25 de março de 2024

O 25 de Abril na Ilha

 



O café Lanheiro estava à pinha: novos e velhos reunidos para ouvir "histórias do25 de Abril nas tabernas", naquela que terá sido a mais genuína iniciativa das comemorações dos 50 anos da revolução -  testemunhos de quem a viveu, sob diversas formas. Durante a tarde de domingo, esteve ali tudo:  o povo e a forma como vivia, sem paz, pão, habitação; os privilegiados da Guia (Artur Carreira e Amândio Neves assumiram-no e contaram-no com grande generosidade, desde a campanha de Humberto Delgado às lutas estudantis em Coimbra), os que não conseguiram escapar à guerra e combatiam contra a vontade, os que foram vítimas do processo de descolonização. E os que cresceram a ouvir as histórias dos pais e avós, que já nunca conheceram a ditadura mas têm consciência e valorizam as portas que abril abriu. Ao fundo, uma fotografia antiga dos homens que criaram a primeira Comissão de Melhoramentos da Ilha, essa terra especial onde o tempo fez cinza da brasa. Um mão cheia deles. 

"Estes homens sofreram muito. Ninguém imagina. O povo vivia mal". As palavras da Ti Preciosa, viúva de um desses homens, avó da Patrícia, que agora gere o Lanheiro (antiga taberna) vão ecoar-me por muito tempo. O medo. O medo de falar, de agir, de ser "chamado a Pombal", à Câmara, ou ao capitão Gonzaga. Os pides infiltrados entre a populaça, controlados pelos homens poderosos da terra. As diferenças tão vincadas entre uma aldeia como a Ilha (que podia ser a minha Moita do Boi) e a Guia, "que ao pé de nós era uma cidade". As diferenças tão vincadas na sociedade. E a declaração emocionada de António Moderno, professor jubilado: "Ninguém imagina a alegria que eu sinto em olhar à minha volta e ver que o neto do sapateiro é engenheiro, que toda a gente tem instrução, quando naquela altura havia três ou quatro licenciados. O 25 de Abril foi o dia mais feliz da minha vida".
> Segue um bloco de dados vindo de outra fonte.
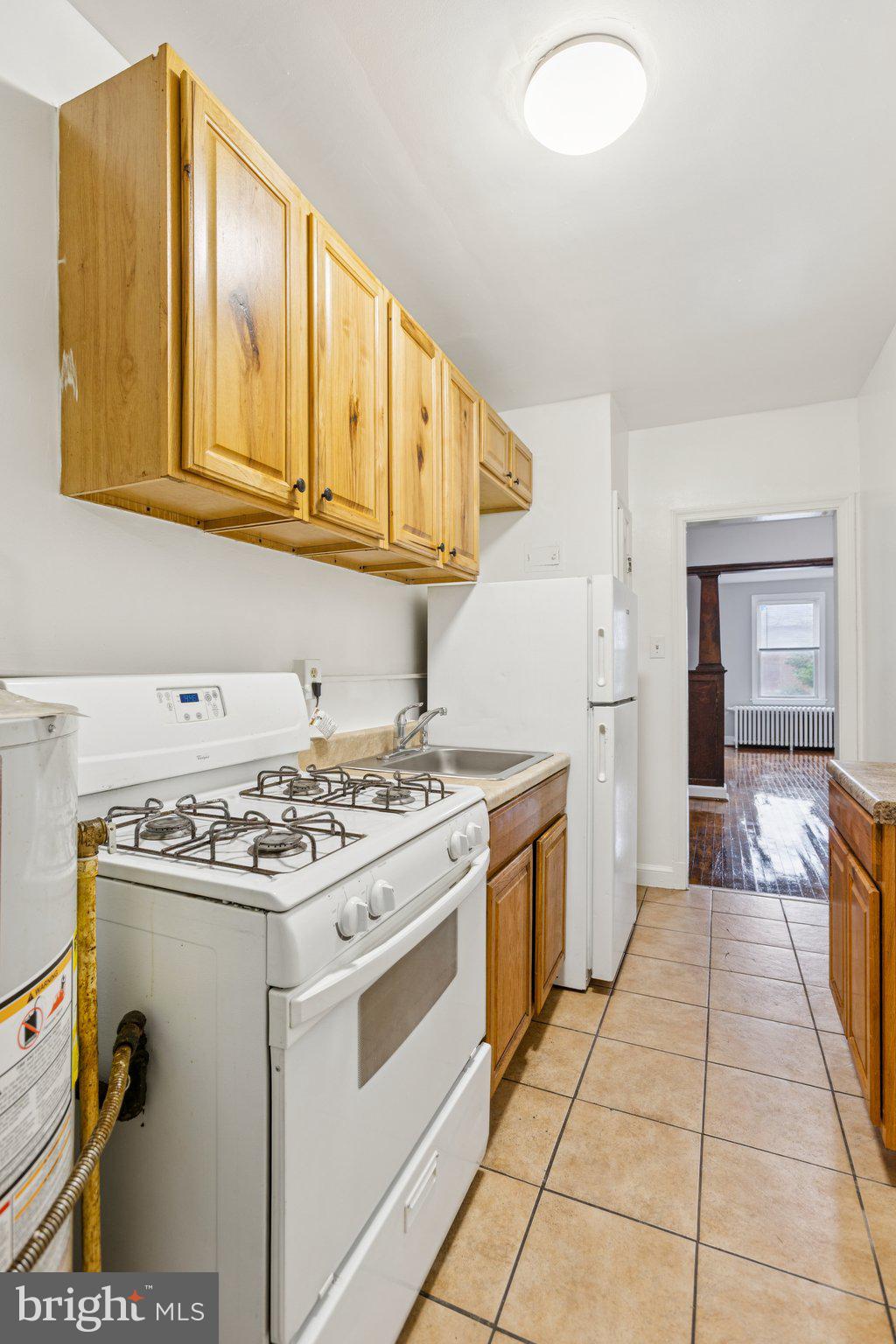 2843 Minnesota Avenue Southeast Washington, DC 20019 - Photo 25 of 36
A ilha é uma terra especial. Dali sempre brotou intervenção pública, sobretudo cultural. E ontem, ao ver aquele encontro de gerações e de interesses (que terminou com a brilhante atuação dos músicos André Ramalhais e Evandro Capitão, a acompanhar a declamação da poesia de Ary dos Santos pela Lina Oliveira), tive a certeza de que ali se cumpriu Abril. 

Só nos faltava agora que este Abril não se cumprisse.

1 comentário:

  1. A Ilha de facto em termos de Associativismo, eventos culturais e sobretudo bairrismo é um exemplo para o resto do Concelho. Politicamente enquadra-se na maioria do concelho, normalmente nas urnas ganha o PSD. Provavelmente são os outros partidos que não conseguem passar a mensagem ou então é simplesmente o velho habito de Votar na Seta que vai para o céu.